No. Unthinkable. He would reach the base, with its warmth and artificial Earth atmosphere and food and rest. A bed—he would lie in a bed with clean sheets, after he took a hot shower, scalding hot. Every part of him stank. Then he would eat a big plateful of food. Two platefuls, three.
Except…he didn’t feel hungry. Why didn’t he feel hungry? He hadn’t eaten for two days. Something gnawed at his mind: a painful thought, a doubt. He pushed it away. The important thing was not to think but to keep going, keep walking toward Alpha, with its safety and its interstellar transmitter. At Alpha he could not only talk to Jenny but also hear her sweet voice answer. Meanwhile, he must keep moving. He began yet again to explain to Jenny how he must walk toward the base faster than the rotation of the planet carried him in the opposite direction. He felt compelled to tell her, just as he felt compelled to say how much he loved her. Words were his lifeline to everything he fought to keep.
But he was so tired.
“Next month is our anniversary, Jenny. Three years married. Remember when I proposed? You were so surprised. We were having dinner at that Italian place on Fourth Street, the one destroyed last year in the shelling. You had veal scaloppini and I had the pasta. You wore that blue dress with the lace collar. When I asked you to marry me, you were so happy that you cried. You know why I’m doing this, don’t you? Why I’m on this cursed planet? For us. I want to buy us a house someplace away from the war, someplace where no missiles can hit us and no soldiers invade house-to-house, somewhere we can—what’s that?”

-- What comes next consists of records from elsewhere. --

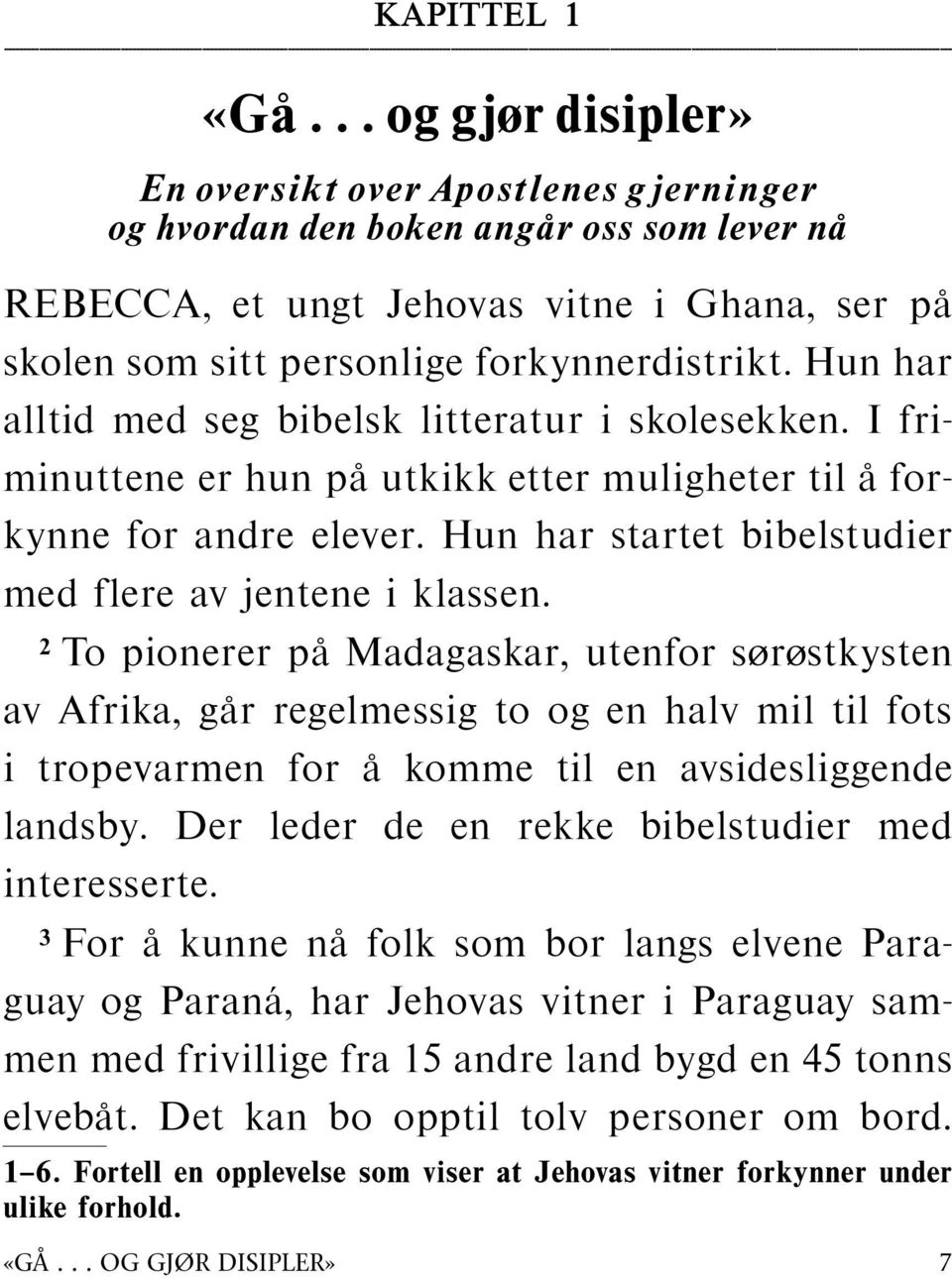 Hun har alltid med seg bibelsk litteratur i skolesekken. I friminuttene er hun pa utkikk etter muligheter til aforkynne for andre elever. Hun har startet bibelstudier med flere av jentene i klassen.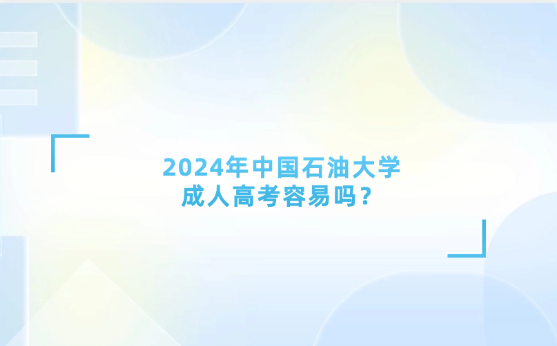 2024年中國(guó)石油大學(xué)成人高考容易嗎？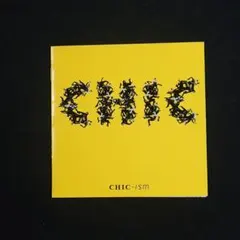 『Chic-ism』シック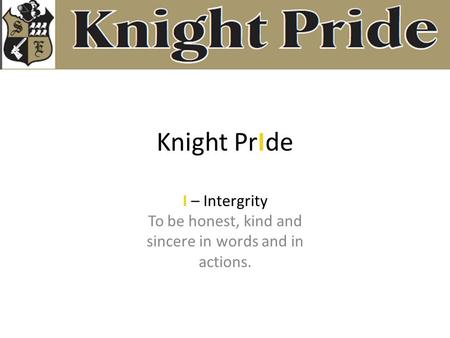 Knight PrIde I – Intergrity To be honest, kind and sincere in words and in actions.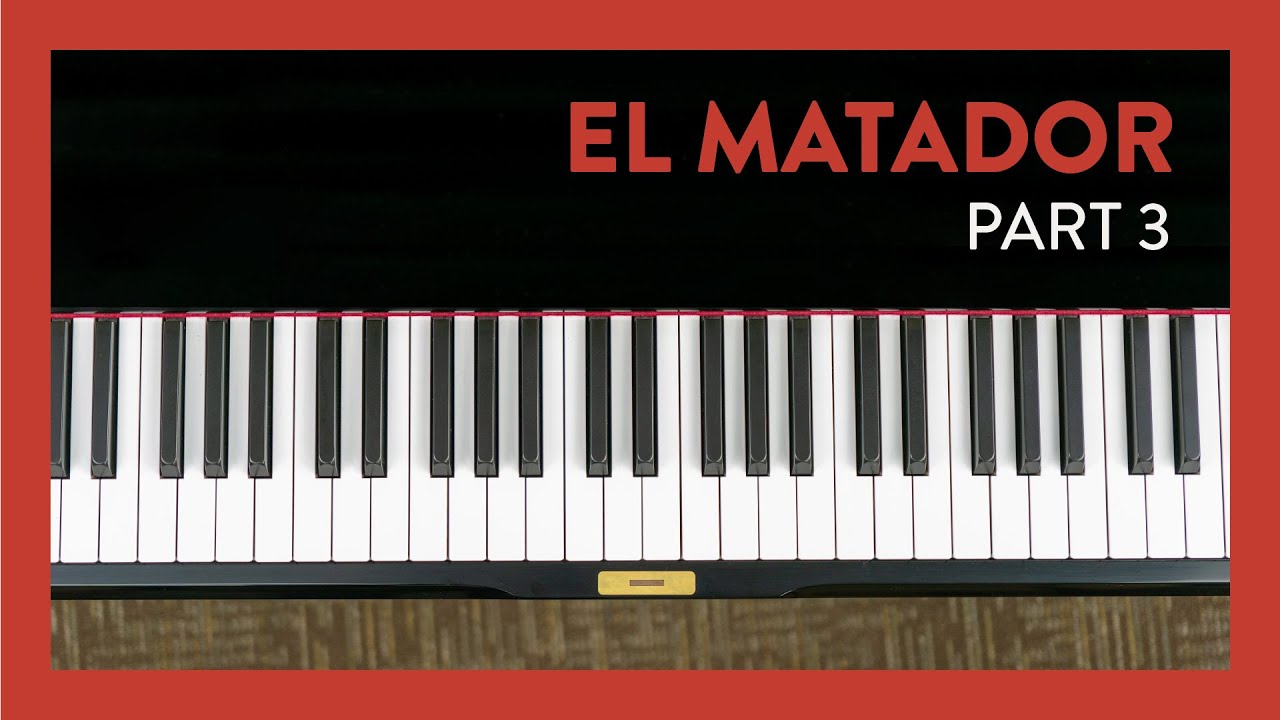 How to play El Matador by Melody Bober - Part 3 | Piano Lesson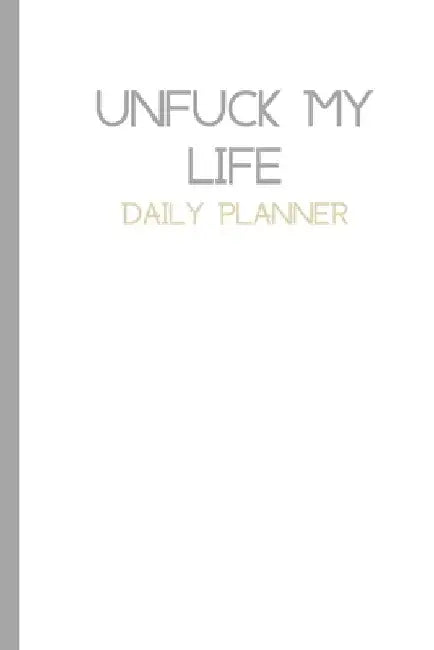 Plain UnFuck Your Life Daily Planner by Antoinette Gathers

A movement to his left caught his eye. There couldn’t be anything out here! Unless a rover from base… For a moment he felt a wild surge of hope. Rescue…
But it wasn’t a rover.
“Jenny, I thought I saw an animal. Big, as big as a wolf. No, more like a tiger. But with glowing skin, like those house-cats with jellyfish genes.”
#
“A tiger?” the researcher said. “Why a tiger?”
His colleague shrugged.
#
“Jenny, darling, I know I couldn’t have seen a—oh my god, there it is again! It’s gorgeous, it glows gold with black stripes and it moves like…like flowing water! Muscles rippling under the skin. It… no, it’s gone now, leaping over an outcropping of rock. I don’t have the strength to follow, which probably wouldn’t be a good idea anyway, but I—here comes something else.”
A dot of silver on the horizon. It moved toward him, not fast. He waited, still walking, while its path angled toward his. When it drew near, he blinked in disbelief.
“Jenny, it’s a huge bird, tall as a man. It’s walking on stilt legs, you know, like a heron, and its feathers are all silver and red…. Now it’s spreading its wings, they must be ten feet across, you never saw such a gorgeous wings. It’s flying! Just soaring off into the orange sky, all silver and crimson and—”
#
“Stop the experiment,” the researcher said. “Tigers, birds—a little hallucination is one thing, we expected that, but soldiers won’t be any use if they fire at non-existent animals.” The researcher pressed a button.
The treadmill stopped. The man on it, dressed in shorts and a tee-shirt, looked bewildered. The clamps that held him in place released. He swayed but remained upright, saying, “Jenny, the planet has stopped rotating. I don’t understand…”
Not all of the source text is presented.